Supplied records:
○ ○ ○ ○ ○

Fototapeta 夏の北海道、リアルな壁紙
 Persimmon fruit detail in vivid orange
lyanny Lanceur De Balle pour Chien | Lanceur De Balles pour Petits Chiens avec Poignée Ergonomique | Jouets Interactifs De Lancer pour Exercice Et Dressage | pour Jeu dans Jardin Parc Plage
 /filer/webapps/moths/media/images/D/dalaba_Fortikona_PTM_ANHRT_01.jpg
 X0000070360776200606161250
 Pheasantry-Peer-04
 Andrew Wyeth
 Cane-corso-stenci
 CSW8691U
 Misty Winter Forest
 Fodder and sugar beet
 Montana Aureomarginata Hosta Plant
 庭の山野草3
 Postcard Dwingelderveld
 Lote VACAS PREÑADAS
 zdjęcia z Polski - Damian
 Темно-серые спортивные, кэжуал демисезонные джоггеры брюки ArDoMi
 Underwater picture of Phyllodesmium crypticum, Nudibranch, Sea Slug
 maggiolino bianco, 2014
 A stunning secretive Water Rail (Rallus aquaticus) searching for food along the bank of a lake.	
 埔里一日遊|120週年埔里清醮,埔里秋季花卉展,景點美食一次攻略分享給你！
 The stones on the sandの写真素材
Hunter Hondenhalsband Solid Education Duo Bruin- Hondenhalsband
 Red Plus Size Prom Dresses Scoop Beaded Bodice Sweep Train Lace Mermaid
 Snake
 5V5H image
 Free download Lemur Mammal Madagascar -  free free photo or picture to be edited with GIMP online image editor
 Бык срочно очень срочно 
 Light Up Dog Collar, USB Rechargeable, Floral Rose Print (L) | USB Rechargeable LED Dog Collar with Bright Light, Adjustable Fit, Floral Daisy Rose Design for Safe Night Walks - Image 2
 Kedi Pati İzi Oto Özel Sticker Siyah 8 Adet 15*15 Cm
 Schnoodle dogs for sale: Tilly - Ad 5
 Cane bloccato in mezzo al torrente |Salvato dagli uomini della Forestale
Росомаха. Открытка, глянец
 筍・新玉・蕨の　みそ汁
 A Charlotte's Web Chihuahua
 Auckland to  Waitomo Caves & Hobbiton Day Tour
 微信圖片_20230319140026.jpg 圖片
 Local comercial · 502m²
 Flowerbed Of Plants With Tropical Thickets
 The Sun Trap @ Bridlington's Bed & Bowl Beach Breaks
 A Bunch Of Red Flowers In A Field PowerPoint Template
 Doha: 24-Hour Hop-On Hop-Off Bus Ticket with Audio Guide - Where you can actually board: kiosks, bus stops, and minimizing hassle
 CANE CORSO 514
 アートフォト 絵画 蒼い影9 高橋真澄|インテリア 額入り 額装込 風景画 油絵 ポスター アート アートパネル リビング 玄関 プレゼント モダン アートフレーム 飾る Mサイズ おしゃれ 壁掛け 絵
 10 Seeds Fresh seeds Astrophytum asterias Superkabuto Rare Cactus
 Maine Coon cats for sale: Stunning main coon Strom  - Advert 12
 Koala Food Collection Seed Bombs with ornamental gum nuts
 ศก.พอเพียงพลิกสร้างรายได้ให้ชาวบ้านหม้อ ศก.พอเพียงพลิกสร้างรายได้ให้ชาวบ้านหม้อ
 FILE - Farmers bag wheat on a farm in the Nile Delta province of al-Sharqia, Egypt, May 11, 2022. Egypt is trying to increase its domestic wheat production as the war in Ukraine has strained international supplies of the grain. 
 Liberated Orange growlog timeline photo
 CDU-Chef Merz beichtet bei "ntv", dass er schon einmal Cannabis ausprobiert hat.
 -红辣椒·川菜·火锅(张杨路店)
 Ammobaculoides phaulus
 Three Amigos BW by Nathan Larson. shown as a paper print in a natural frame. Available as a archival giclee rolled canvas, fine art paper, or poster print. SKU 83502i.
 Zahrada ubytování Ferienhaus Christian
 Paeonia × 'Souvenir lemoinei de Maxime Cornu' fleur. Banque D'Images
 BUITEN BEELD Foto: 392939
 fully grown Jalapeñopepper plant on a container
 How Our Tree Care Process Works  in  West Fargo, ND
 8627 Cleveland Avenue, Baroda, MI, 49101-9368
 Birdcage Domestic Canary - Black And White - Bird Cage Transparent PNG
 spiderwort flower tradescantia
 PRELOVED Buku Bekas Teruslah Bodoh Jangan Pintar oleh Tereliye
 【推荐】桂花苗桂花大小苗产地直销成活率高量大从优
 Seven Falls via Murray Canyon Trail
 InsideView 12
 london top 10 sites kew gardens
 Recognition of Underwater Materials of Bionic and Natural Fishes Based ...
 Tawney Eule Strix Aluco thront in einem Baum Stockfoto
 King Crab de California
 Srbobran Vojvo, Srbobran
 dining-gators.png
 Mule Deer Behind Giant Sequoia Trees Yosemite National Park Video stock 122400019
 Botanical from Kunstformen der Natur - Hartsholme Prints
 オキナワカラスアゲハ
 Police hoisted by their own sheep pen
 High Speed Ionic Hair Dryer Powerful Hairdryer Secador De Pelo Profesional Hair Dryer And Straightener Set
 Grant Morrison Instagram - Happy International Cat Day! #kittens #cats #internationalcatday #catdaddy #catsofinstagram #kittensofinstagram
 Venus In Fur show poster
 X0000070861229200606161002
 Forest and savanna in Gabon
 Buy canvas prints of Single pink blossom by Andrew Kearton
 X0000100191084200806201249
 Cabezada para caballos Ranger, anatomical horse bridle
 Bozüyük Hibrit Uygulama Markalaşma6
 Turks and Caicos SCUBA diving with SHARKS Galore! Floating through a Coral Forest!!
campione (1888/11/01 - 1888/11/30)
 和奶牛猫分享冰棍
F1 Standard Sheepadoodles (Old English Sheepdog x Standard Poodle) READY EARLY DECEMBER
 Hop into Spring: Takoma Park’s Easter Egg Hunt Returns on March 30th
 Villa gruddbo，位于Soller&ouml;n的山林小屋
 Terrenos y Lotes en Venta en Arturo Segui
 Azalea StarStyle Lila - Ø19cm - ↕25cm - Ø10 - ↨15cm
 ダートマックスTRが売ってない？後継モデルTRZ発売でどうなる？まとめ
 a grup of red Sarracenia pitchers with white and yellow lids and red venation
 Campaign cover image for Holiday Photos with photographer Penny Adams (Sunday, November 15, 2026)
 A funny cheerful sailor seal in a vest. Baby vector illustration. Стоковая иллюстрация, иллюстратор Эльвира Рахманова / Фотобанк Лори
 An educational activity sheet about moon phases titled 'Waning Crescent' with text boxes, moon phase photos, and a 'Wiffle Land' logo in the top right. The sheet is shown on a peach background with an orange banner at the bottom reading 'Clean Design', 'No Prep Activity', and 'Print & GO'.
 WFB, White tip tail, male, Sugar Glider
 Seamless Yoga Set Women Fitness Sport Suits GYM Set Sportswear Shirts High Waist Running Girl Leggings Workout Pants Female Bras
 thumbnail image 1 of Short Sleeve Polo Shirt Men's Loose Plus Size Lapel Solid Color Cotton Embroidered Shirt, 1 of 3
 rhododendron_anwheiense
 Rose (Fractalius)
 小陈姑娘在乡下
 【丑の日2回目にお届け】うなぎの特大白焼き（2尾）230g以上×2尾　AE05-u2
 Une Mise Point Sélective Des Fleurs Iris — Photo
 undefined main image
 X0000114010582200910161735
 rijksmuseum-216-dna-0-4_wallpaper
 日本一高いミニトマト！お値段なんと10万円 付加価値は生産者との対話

○ ○ ○ ○ ○

Exercise prompt:
Give the count of lines in the entries above that hold the word "Andrew", with no other words.

Response:
2